In addressing these terms, Netanyahu stressed that the deal will secure the “continuation of the maritime security blockade off the Gaza Strip coast.”

“This is a supreme security interest for us. I was not prepared to compromise on it,” Netanyahu continued.

Turkey in return has committed to thwart the plotting and financing of Hamas terrorist acts against Israel from its soil. It will also not stand in the way of Israeli involvement in international forums to which it belongs, mostly notably NATO.

Jerusalem and Ankara will also restore full diplomatic relations, appointing ambassadors and lifting restrictions on military and intelligence cooperation. Netanyahu added that the deal will open Turkey to Israeli natural gas exports, and that the country could possibly serve as a gateway to European markets. “[The deal has] immense implications for the Israeli economy, and I use that word advisedly,” the prime minister told reporters.

While not a formal part of the deal, Turkish President Recep Tayyip Erdogan also personally pledged in a letter to help return the bodies of two Israeli soldiers killed during the 2014 Gaza war, which are thought to be held by Hamas, and free two Israelis reportedly being held by the terrorist group. One of the captives is an Ethiopian Jew — described as mentally-ill by his family — who wandered into Gaza accidentally in 2014; the second man, a resident of a Bedouin town in Israel’s Negev desert, also apparently crossed into Gaza of his own volition.

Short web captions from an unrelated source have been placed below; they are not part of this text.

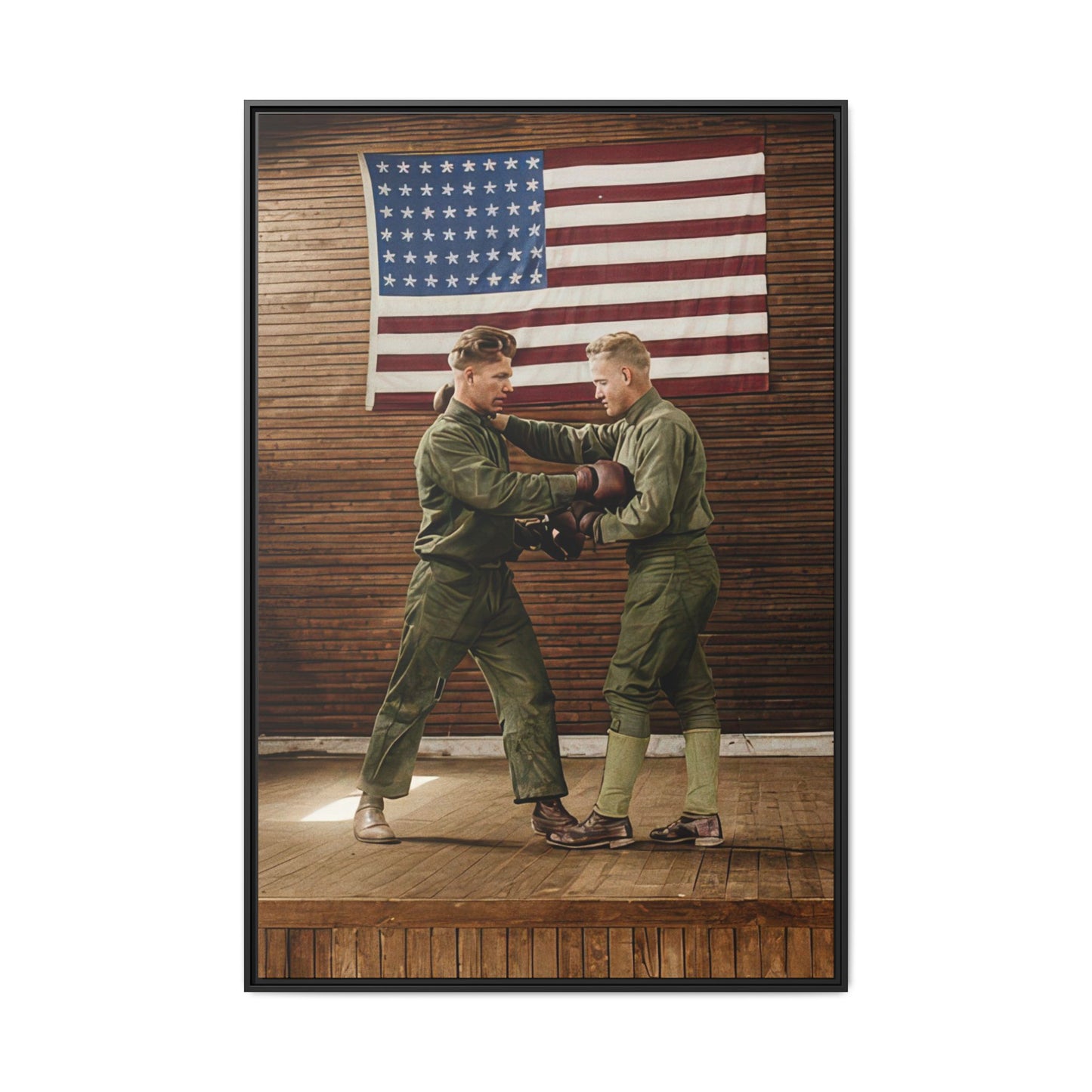athlétisme 034 | Framed Vintage Photo - Matte Canvas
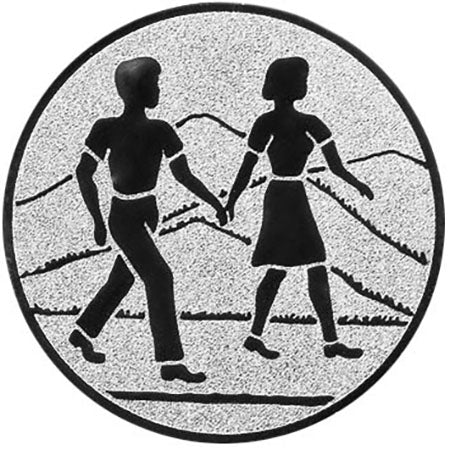 Emblem Wandern (25mm Silber)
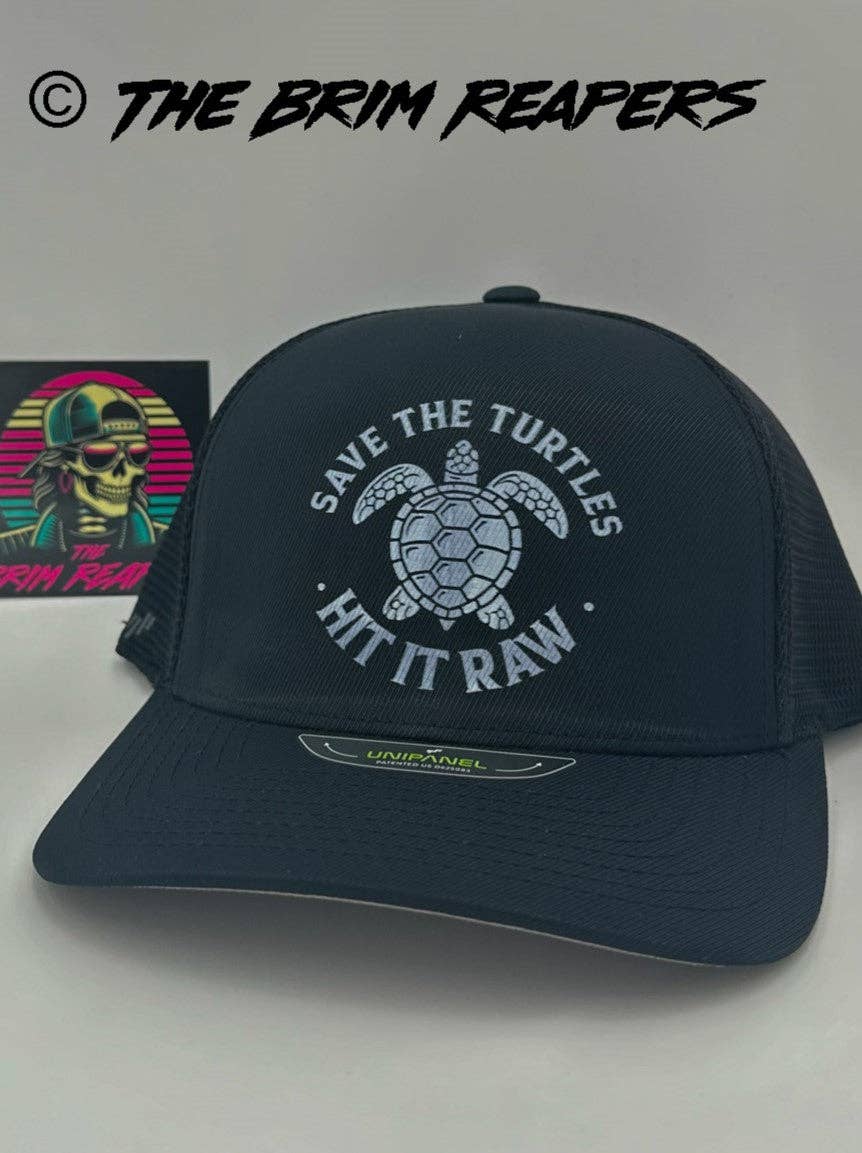 The Brim Reapers - Wholesale Trucker Hat - Unisex - Save The Turtles Hit It Raw Patch Hat9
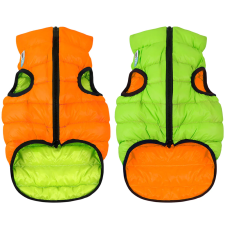 Collar AiryVest Lumi kifordítható, világító kutyakabát S40 Zöld/narancs kutyaruha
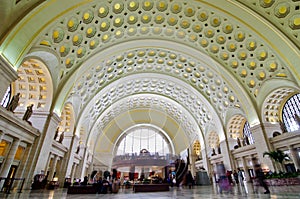 Union Station interior - Washington DC USA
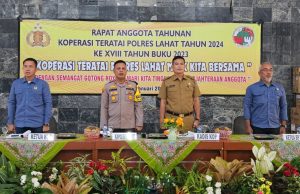 Koperasi Teratai Polres Lahat Sejahterakan Anggota, Capai Keuntungan Rp 172 Juta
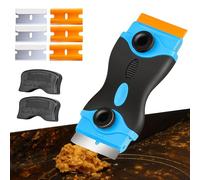 Oven Scraper Pro Tool, Non Scratch, 2 in 1, Replacement Blades, Heavy Duty Oven Cleaner, Paint Scraper, Window Scraper, Glass, Ceramic & Induction Hobs, Adhesive Remover - Multi Surface Cleaning Tool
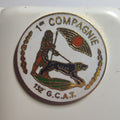 Pin’s 132e G.C.A.T., 1re compagnie, cynophilie militaire, vers 1990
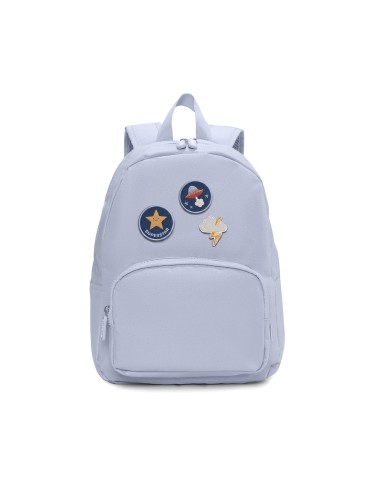 Mochila Solid Color Sky + 6 Parches Space Autoadhesivos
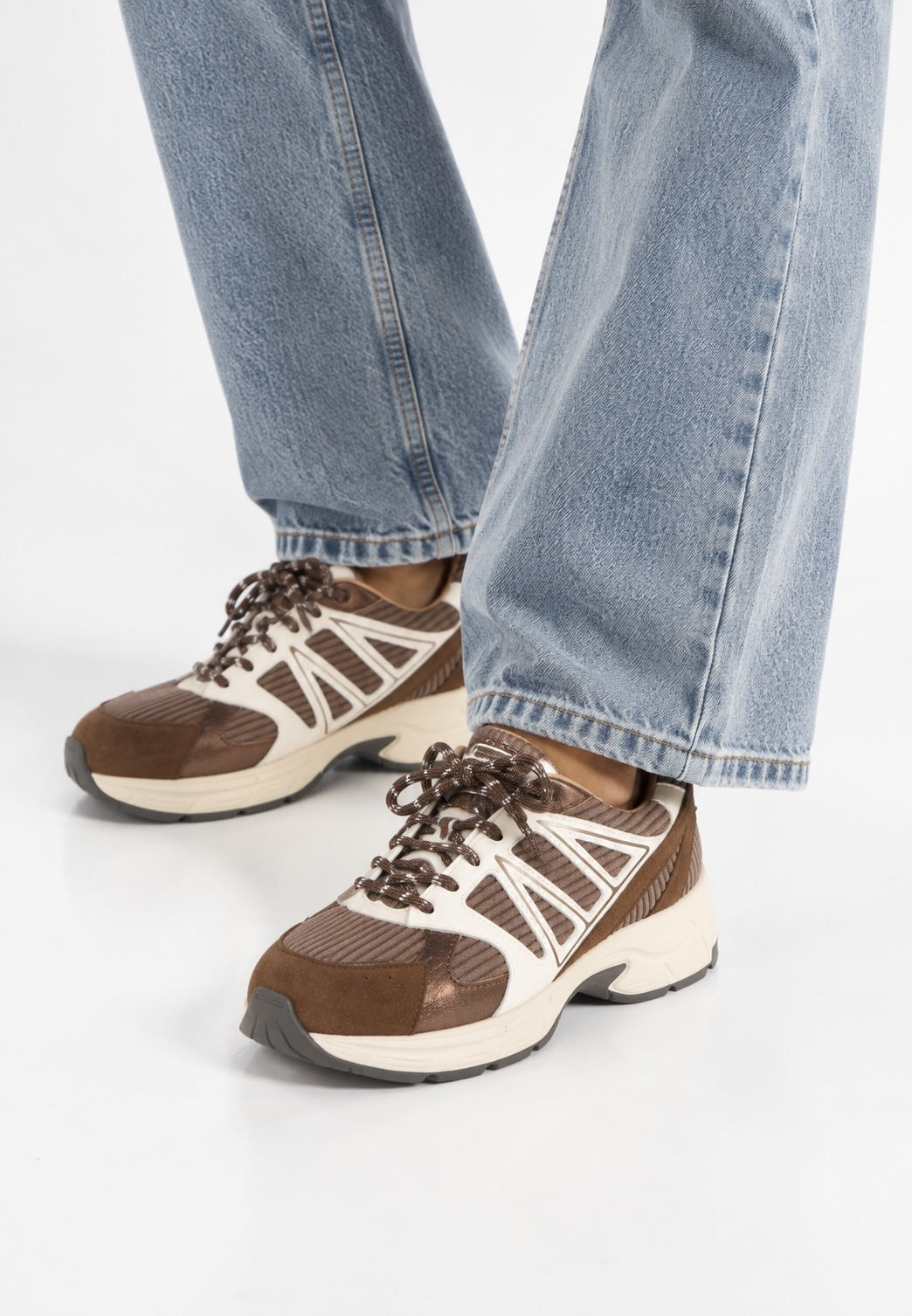 DWRS sneakers SARU corduroy - bruin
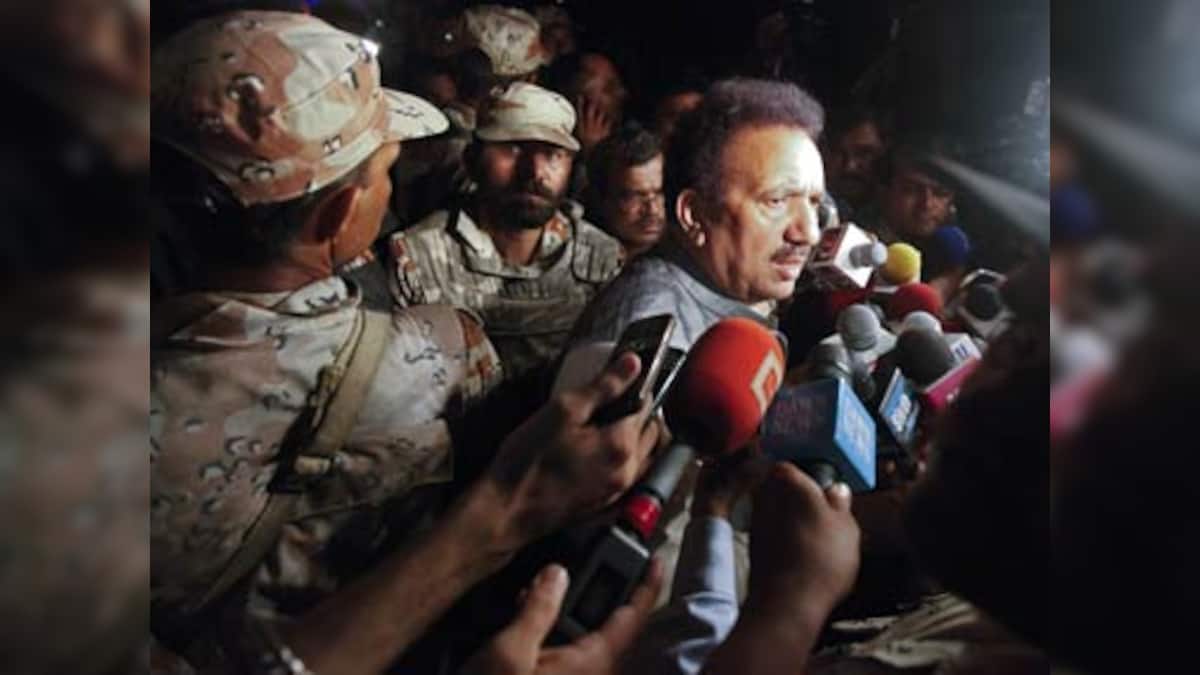 Arms coming to Pak from Afghanistan: Rehman Malik – Firstpost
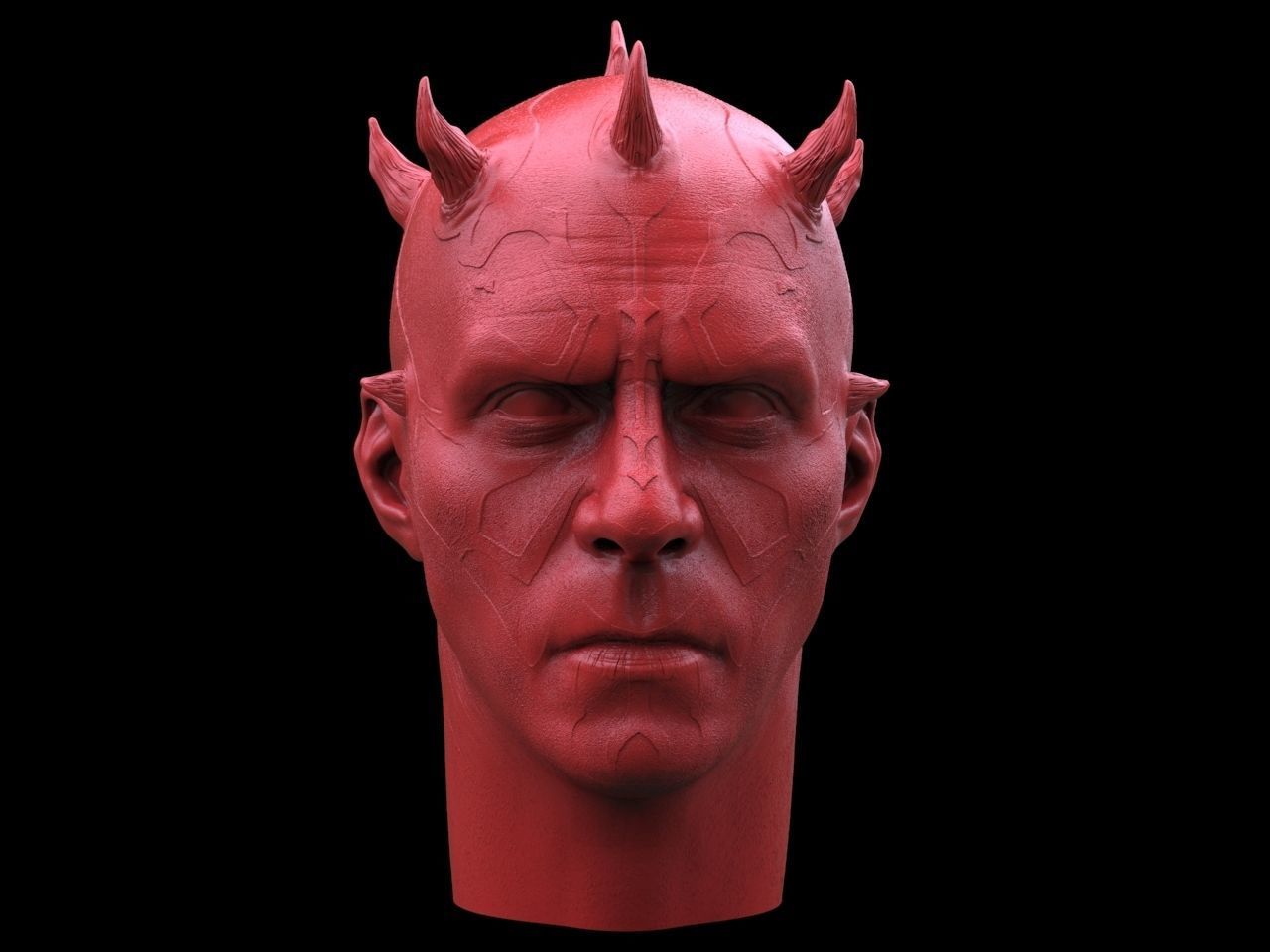 Darth Maul Head  3D print model_1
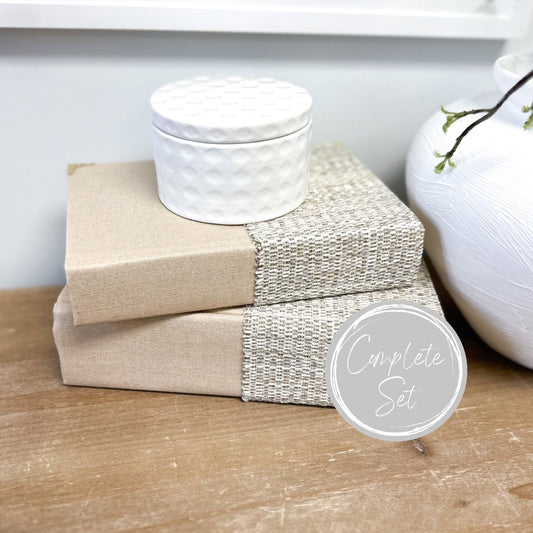 Fabric Covered Books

He has been described as mentally disabled.

The agreement is expected to be approved by Israel’s security cabinet on Wednesday.

Secretary of State John Kerry congratulated Netanyahu on the agreement when the two met in Rome on Monday, calling it a “positive step.”

“Israel comes out on top here,” Louis Fishman, an assistant professor at Brooklyn College who focuses on Turkish and Israeli affairs, told Reuters. “From the start it believed that a deal could be worked out where Turkish aid was able to enter the Gaza Strip under Israeli supervision. It seems this is what was struck.”

“Restoring relations with Ankara is a linchpin in Israel’s strategy to unlock its natural gas wealth,” Reuters added, noting that Israeli energy stocks and shares in Turkey’s Zorlu Energy rose in reaction to the agreement.

A senior Turkish official has also called the deal a “diplomatic victory.”

The deal with Turkey is the latest indication of Israel’s ongoing efforts to establish and strengthen relations with other regional and global powers.